• _THE INPUT_
BEGIN
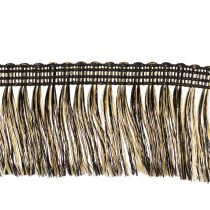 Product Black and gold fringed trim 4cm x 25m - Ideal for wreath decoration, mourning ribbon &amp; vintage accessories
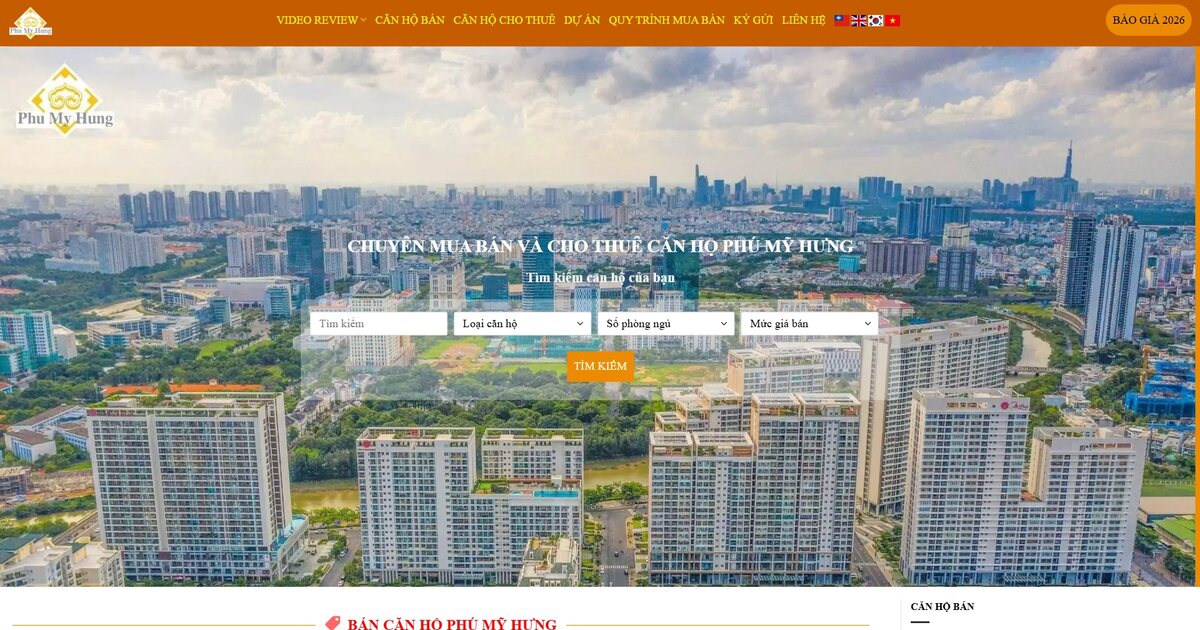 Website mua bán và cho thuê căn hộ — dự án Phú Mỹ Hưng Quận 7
END
BEGIN
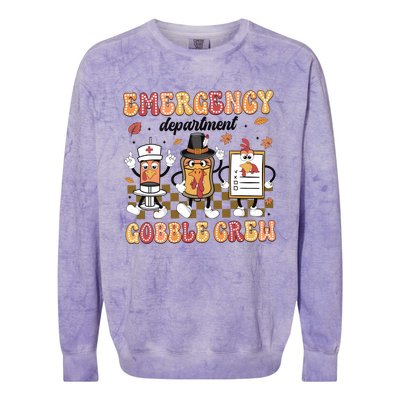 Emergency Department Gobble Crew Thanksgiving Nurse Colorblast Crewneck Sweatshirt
END
BEGIN
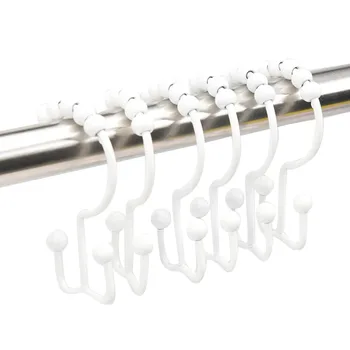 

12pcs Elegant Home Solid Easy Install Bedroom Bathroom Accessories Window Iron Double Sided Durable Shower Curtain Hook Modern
END
• _YOUR GOAL_
Reproduce the data above exactly, but only from the line containing "Product Black and" through the line containing "Website mua bán"; skip the pictures.

• _OUTPUT BELOW_
 Product Black and gold fringed trim 4cm x 25m - Ideal for wreath decoration, mourning ribbon &amp; vintage accessories
 Website mua bán và cho thuê căn hộ — dự án Phú Mỹ Hưng Quận 7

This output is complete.